> _WHAT YOU ARE ASKED TO DO_: Exact reproduction is required for the lines below starting at the line with "Cover of The Waaagh! Faker" and ending at the line with "Photo 3 VIN: 5N1AT2MV7FC917257", both included. No other lines, and no pictures.

> _INFORMATION PROVIDED_:
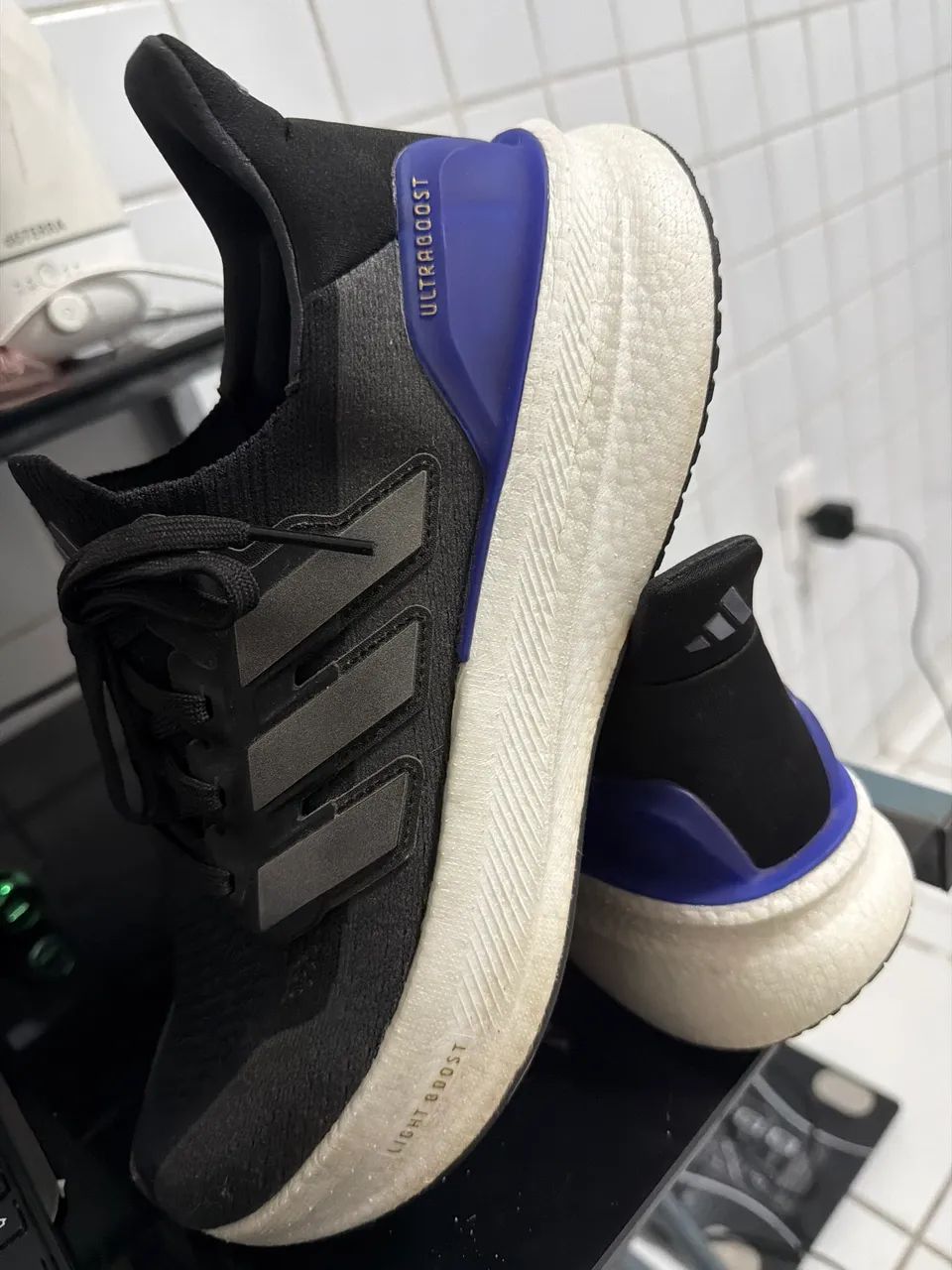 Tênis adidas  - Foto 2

--

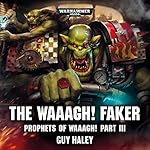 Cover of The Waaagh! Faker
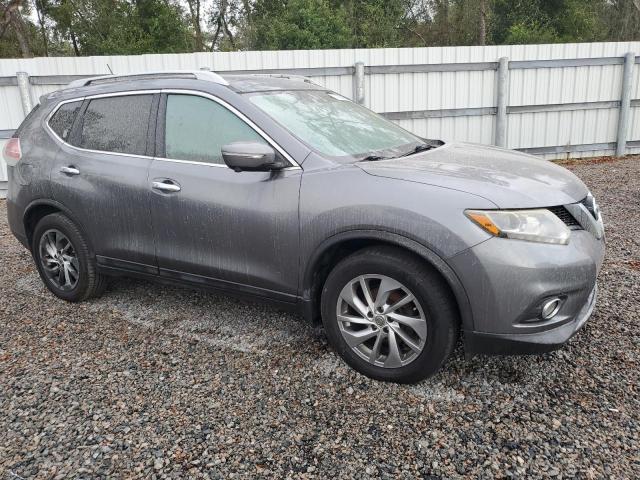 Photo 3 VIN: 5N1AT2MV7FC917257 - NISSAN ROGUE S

> _FINAL ANSWER_:
 Cover of The Waaagh! Faker
 Photo 3 VIN: 5N1AT2MV7FC917257 - NISSAN ROGUE S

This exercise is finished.